SQL functions can be loaded from this library: `pyspark.sql.functions`

We will load some stock data to demonstrate aggregation.

In [None]:
# import data types and functions
from pyspark.sql.types import StructType, StructField, TimestampType, StringType, LongType, FloatType
from pyspark.sql import functions as F

# set up schema
stock_schema = StructType([StructField('date',TimestampType(),False),
                           StructField('ticker',StringType(),False),
                           StructField('close',FloatType(),False),
                           StructField('adjusted_close',FloatType(),False),
                           StructField('volume',LongType(),False),
                         ])

In [None]:
# Read in stock data. Source: Yahoo! finance
DATAPATH_STOCKS = '../data/amzn_msft_prices.csv'

df_stx = spark.read.csv(DATAPATH_STOCKS, header=True, schema=stock_schema)
df_stx.show()

In [None]:
# check the schema
df_stx.printSchema()

We will calculate some statistics on each stock:
- minimum closing price
- maximum closing price
- minimum volume
- maximum volume

**IMPORTANT NOTE**  
Do NOT use loops to aggregate data. Loops are run sequentially and do not harness parallelization.  
Using the `groupBy()` method will do the job using parallelization.  
It follows the split, apply, combine method:

- *Split* by one or more grouping variables
- *Apply* a function to the data parts
- *Combine* the result from each grouping level

In [None]:
agg_df = df_stx.groupBy("ticker").agg(F.min("close"), F.max("close"), F.min("volume"), F.max("volume"))
agg_df.show()

---

**TRY FOR YOURSELF (UNGRADED EXERCISES)**

1) Given the stock dataframe, use Spark SQL to select all AMZN records. 

In [None]:
# SOLUTION

# register stock dataFrame as temp view with name "stocks"
df_stx.createOrReplaceTempView("stocks")

# query the view
sqlDF = spark.sql("SELECT * FROM stocks where ticker == 'AMZN'")
sqlDF.show()

2) Given the stock dataframe, do an aggregation to compute minimum, mean, and maximum adjusted close for each stock.

In [None]:
df_stx.groupBy("ticker").agg(F.min("adjusted_close"), F.mean("adjusted_close"), F.max("adjusted_close")).show()

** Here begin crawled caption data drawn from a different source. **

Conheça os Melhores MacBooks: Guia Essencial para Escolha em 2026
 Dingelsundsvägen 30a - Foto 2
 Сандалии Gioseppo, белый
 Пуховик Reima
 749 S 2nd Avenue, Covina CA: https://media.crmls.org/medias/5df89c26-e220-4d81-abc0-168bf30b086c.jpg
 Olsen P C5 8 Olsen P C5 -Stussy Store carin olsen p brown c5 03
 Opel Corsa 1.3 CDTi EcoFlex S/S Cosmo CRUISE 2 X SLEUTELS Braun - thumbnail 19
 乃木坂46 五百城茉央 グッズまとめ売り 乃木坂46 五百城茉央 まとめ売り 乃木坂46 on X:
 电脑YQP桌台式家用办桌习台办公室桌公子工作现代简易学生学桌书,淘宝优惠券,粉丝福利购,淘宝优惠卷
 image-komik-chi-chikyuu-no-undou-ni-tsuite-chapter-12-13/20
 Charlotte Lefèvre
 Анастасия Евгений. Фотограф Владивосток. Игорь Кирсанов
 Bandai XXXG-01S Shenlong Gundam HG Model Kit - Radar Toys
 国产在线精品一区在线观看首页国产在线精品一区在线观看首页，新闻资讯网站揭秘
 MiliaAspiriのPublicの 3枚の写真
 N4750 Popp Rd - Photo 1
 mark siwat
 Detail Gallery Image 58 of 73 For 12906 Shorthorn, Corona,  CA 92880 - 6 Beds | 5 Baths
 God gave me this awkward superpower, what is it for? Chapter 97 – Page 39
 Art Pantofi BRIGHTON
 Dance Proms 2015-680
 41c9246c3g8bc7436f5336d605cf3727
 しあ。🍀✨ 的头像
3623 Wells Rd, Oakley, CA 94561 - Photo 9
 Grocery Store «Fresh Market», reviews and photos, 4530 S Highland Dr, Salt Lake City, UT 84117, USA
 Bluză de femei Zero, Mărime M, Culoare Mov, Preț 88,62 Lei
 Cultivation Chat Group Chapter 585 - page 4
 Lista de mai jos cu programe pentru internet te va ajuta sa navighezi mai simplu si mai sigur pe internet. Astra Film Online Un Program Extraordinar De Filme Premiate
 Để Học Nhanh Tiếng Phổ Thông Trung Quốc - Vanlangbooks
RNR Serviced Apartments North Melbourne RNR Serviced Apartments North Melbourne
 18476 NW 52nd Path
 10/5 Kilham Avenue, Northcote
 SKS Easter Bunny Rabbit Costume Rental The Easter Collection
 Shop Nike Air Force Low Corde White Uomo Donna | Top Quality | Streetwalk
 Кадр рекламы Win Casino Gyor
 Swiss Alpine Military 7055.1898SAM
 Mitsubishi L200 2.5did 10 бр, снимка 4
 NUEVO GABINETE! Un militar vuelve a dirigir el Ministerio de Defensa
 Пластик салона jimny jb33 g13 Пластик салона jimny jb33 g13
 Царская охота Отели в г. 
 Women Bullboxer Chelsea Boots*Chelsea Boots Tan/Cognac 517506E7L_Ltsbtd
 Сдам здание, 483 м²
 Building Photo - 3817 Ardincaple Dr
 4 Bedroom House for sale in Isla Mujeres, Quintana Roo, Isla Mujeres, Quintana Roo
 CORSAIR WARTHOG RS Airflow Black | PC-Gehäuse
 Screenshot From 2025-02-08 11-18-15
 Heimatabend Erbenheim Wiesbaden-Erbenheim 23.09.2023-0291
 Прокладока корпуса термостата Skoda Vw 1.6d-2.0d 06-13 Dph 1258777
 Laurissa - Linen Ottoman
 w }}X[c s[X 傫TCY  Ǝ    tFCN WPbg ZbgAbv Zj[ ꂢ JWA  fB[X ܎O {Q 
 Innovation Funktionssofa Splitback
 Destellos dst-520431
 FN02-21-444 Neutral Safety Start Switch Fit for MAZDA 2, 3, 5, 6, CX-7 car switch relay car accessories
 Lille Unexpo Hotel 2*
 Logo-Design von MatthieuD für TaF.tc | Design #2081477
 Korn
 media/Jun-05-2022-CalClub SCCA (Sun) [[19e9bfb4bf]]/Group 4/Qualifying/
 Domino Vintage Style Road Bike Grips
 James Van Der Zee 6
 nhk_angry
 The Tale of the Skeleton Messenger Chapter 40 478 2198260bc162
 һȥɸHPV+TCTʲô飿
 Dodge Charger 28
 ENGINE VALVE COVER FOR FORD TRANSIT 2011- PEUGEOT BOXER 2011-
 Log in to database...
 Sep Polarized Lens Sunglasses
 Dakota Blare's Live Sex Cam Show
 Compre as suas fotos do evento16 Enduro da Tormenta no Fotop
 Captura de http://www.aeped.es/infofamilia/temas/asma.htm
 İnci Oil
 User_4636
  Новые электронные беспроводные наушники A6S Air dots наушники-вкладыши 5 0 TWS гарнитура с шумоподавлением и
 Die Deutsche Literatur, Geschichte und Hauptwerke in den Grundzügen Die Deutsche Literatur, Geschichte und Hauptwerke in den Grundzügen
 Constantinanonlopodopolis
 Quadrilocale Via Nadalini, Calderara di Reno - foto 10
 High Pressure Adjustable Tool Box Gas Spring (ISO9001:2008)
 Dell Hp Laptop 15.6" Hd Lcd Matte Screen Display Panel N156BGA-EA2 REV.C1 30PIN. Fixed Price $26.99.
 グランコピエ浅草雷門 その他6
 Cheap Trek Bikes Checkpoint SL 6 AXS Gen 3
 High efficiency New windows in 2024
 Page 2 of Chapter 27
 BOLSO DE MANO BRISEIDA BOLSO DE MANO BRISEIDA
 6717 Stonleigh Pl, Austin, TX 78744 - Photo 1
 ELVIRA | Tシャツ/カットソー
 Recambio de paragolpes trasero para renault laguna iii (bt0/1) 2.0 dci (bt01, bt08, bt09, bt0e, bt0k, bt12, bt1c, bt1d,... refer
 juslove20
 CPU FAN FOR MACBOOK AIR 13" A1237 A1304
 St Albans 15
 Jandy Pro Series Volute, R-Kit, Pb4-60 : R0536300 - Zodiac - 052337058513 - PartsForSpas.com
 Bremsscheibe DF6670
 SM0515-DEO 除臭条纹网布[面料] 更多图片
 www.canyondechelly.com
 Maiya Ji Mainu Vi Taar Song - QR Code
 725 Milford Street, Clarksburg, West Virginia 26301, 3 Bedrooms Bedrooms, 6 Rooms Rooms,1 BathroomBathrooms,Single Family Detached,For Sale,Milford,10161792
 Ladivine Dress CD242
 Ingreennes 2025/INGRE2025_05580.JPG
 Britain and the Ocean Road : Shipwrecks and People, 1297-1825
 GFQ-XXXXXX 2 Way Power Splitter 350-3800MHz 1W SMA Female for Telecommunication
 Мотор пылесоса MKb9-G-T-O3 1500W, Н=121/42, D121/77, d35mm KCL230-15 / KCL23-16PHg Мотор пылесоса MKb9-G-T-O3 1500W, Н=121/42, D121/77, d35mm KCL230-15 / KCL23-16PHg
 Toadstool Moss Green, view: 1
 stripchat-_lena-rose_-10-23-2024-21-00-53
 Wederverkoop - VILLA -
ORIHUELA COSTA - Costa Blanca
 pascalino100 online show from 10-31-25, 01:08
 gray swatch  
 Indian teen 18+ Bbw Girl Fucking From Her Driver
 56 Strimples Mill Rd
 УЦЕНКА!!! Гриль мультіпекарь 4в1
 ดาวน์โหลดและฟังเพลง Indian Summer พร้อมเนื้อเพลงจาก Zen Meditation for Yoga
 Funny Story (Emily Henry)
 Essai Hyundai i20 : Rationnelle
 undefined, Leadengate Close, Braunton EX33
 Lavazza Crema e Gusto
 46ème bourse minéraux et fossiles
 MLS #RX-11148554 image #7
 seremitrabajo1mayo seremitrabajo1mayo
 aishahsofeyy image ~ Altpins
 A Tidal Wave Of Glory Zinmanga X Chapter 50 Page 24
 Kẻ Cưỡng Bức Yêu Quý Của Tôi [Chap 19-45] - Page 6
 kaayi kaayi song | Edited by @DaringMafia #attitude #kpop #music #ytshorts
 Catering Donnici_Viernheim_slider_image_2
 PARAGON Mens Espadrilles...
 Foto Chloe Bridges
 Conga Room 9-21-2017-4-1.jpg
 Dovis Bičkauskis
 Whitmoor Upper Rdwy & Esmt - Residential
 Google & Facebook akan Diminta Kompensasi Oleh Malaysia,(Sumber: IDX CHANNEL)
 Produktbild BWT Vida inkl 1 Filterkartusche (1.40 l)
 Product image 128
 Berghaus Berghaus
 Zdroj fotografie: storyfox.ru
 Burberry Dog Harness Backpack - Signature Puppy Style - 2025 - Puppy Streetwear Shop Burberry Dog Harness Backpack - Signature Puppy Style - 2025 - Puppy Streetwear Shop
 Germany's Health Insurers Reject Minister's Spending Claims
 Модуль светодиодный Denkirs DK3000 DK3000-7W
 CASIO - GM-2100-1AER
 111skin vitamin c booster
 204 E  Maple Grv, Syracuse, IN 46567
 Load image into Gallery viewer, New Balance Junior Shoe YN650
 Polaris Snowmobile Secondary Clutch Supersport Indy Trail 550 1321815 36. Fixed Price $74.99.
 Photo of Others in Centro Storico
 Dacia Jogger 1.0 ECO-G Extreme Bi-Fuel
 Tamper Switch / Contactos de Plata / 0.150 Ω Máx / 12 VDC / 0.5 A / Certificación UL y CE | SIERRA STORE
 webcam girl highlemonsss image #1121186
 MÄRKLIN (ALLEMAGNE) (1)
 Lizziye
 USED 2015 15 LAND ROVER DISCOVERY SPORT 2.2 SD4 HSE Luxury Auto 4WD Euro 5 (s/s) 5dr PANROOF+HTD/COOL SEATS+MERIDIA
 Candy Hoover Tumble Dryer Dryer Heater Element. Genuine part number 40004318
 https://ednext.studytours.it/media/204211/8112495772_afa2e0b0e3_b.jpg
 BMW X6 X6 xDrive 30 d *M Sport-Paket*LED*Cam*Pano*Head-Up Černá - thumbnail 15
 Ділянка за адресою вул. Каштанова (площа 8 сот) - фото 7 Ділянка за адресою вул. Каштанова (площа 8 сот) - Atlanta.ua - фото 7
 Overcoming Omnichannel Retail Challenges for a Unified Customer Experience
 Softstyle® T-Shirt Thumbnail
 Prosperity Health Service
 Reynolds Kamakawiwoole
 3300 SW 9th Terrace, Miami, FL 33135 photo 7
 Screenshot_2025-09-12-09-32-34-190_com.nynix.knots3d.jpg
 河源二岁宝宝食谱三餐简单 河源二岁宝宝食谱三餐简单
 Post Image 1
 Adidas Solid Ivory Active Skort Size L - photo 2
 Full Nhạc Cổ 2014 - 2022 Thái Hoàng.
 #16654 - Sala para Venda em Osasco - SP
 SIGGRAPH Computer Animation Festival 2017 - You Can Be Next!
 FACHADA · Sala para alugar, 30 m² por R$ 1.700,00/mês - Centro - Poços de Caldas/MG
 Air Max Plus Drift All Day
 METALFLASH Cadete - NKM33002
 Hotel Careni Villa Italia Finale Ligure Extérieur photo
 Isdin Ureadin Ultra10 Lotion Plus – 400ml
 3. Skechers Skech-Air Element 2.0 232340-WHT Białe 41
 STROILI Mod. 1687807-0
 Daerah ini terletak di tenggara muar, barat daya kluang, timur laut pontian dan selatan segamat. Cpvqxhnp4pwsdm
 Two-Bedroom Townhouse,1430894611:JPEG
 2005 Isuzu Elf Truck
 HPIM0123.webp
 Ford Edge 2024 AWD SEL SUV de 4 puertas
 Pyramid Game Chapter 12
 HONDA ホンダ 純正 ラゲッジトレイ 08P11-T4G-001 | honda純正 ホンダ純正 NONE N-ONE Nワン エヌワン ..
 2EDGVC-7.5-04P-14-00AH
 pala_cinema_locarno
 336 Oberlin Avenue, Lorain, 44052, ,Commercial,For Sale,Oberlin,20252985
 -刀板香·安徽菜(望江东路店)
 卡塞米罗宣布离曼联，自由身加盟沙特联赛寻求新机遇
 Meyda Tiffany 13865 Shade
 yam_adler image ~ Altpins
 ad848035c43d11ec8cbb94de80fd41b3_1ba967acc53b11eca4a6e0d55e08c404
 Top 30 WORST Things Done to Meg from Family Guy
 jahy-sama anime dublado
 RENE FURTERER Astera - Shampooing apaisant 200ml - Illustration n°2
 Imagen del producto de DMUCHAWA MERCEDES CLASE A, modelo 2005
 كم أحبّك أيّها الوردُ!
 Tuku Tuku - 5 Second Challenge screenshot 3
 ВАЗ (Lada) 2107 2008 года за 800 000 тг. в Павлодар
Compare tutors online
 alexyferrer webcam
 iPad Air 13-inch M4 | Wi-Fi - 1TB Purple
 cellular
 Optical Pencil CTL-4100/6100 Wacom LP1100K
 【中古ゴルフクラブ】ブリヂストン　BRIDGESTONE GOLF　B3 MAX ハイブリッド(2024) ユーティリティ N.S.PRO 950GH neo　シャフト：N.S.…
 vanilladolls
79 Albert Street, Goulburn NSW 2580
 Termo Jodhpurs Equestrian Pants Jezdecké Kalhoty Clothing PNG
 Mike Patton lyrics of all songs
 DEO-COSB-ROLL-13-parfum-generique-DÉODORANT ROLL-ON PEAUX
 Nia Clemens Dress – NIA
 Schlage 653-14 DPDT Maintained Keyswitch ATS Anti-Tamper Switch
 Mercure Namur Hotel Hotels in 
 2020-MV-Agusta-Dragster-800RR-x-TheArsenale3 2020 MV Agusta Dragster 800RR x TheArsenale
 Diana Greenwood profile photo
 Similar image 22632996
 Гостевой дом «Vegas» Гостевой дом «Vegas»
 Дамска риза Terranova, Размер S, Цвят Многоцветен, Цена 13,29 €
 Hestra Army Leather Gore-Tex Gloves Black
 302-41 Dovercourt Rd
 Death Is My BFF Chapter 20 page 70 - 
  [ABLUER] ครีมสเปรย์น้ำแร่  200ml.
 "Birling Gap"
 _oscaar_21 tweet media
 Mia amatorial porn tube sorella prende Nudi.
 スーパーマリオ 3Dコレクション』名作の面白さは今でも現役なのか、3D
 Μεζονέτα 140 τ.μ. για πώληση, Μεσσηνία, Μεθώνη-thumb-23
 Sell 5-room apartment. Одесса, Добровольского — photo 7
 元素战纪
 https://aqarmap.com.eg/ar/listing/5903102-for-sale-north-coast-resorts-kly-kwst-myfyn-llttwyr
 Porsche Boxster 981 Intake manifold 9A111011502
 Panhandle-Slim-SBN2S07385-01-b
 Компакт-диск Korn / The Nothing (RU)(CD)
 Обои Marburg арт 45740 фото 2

3) Select the date, ticker, and adjusted_close columns, saving this data as a parquet file.

In [None]:
df_stx.select("date","ticker","adjusted_close").write.save("stocks.parquet", format="parquet")

4) Load the parquet file into a new dataframe and verify that things look correct.

In [None]:
test = spark.read.load("stocks.parquet")
test.show()

---

### 11. Summary

You should now have a basic understanding of:

- Spark SQL
- DataFrames
- When to use DataFrames vs RDDs
- How to use some of the common transformations on DataFrames  

Given practice, you will gain comfort in selecting and processing data with Spark SQL and DataFrames, which is essential.

Additionally, you should have some sense of when DataFrames are preferred over RDDs, and vice versa.